Addressing a meeting at an Arts SU-organised event, Starmer spoke of how he believes “a lot of people have been grieving since June 23, especially students”.
Starmer, who is leading Labour’s battle to hold the government to account over the terms of Britain’s EU exit, spoke critically of Conservative leadership for not planning a proper response to the consequences of June’s referendum.
This, he said, was only made more complicated as “Theresa May became Prime Minister without challenge because everyone else backed out.” He added: “This meant she was never forced to say what her position would be.”
“I don’t think anybody’s going to be untouched by the result of the referendum. It’s going to define this country for a long time.”
Speaking about the starting terms of Prime Minister Theresa May’s plan for negotiating Brexit, he said; “We’re not asking for lock, stock and barrel. But we need to know.”
A letter written by Starmer has urged the government’s Brexit secretary David Davis to have plans for the negotiation stage of Brexit ready for scrutiny in the House of Commons by January 2017.
In the letter, he said: “Labour accept and respect the referendum result and are focused on achieving the best possible deal on what will be the defining issue of this Parliament and for many years to come.”
He continued: “In order for the Government to keep these commitments and to help build a national consensus on Brexit, it is vital that its plans outlining the basic terms of the proposed Brexit deal are published in sufficient time to allow proper scrutiny”.
He also told worried students that Labour would be “fighting hard” to keep freedom of movement alive at Britain’s EU borders.
However, shortly after his cabinet appointment, Starmer went against Labour’s pro-immigration line by stating that he believes the party must be open to limiting EU freedom of movement laws.
The MP for Holborn and St.
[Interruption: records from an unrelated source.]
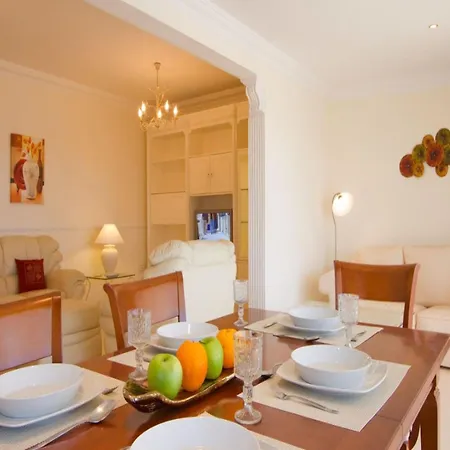 Cosy Lanzarote 3 Bedrooms Heated Pool Honey וילה פוארטו דל כרמן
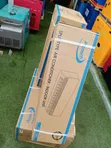Pro-Tec 1.5HP Split Air Conditioner - 2
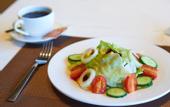 Туры в отель Fairfield by Marriott Qinhuangdao Haigang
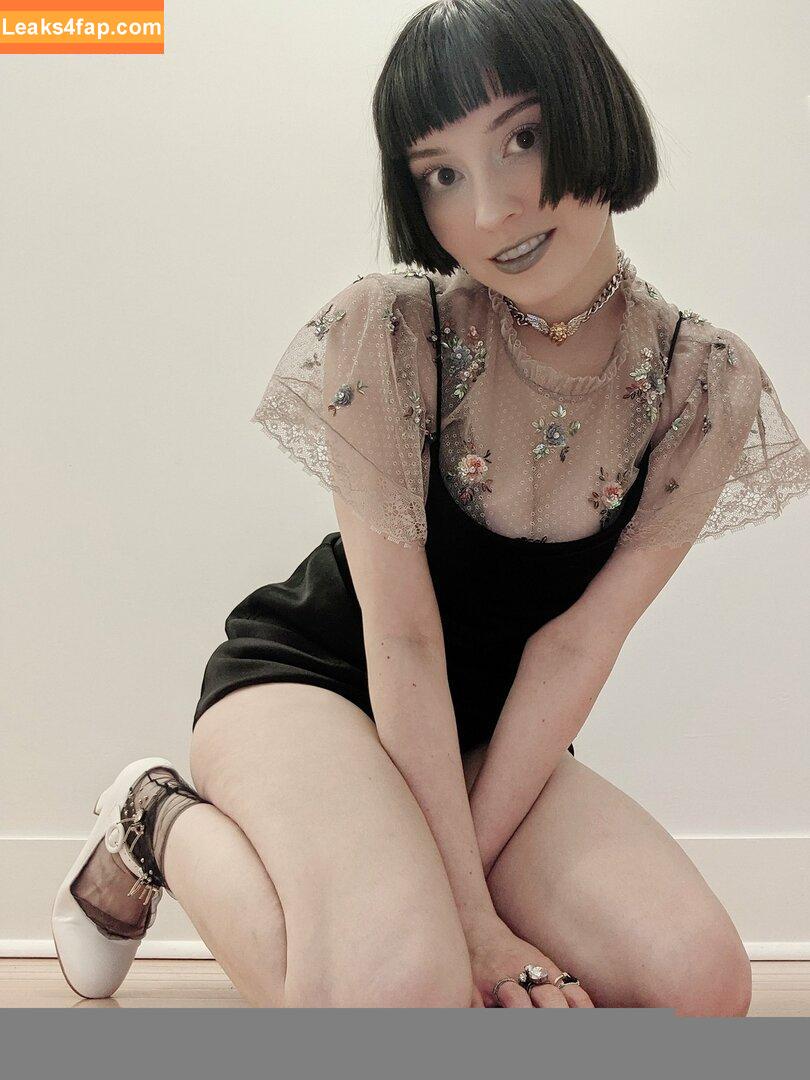 Natalia Grey / nataliagrey / nataliagrey1 / nataliagrey__ leaked photo photo #0341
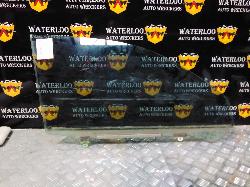 View Auto part Right Front Door Window Toyota Kluger 2010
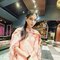 Roshini Doll - Transsexual escort in Bangalore Photo 4 of 11
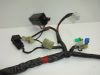 Wire Harness Yamaha FAZER 600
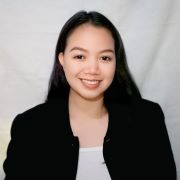 Rina Freo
Pancras also spoke about how Britain still needs to “attract students to our country”.
Starmer was also pushed by students on his involvement in forcing through a Labour leadership election following the referendum, which drew criticism from many party members who believed it was a missed opportunity to attack the Conservatives for failing to connect disillusioned voters.
In response to this, Starmer told students that he doesn’t regret Labour’s leadership contest as “the re-connection of disaffected communities is going to take much more than one autumn but rather years”.
Having been appointed Shadow Secretary of State for Exiting the EU by Jeremy Corbyn, Starmer admits that his current job title is “not the one he would have chosen” as he campaigned against Brexit in the run-up to the vote.
Currently in Jeremy Corbyn’s Shadow Cabinet, Starmer was critical of the Labour leaders’ campaign for staying in Europe, saying that Corbyn should have gone after failing to secure Britain’s EU status as former Prime Minister David Cameron did.
The issue of housing was also high on the agenda for students, with Starmer mentioning his frustration that local councils have been unable to build affordable accommodation due to a lack of funding from central government.
This topic was raised by students who complained about a continual rise of rental prices in London, which for many studying at UAL are not suitably covered by maintenance loans.
Before becoming an MP, Starmer worked as Director of Public Prosecutions and as an international human rights lawyer.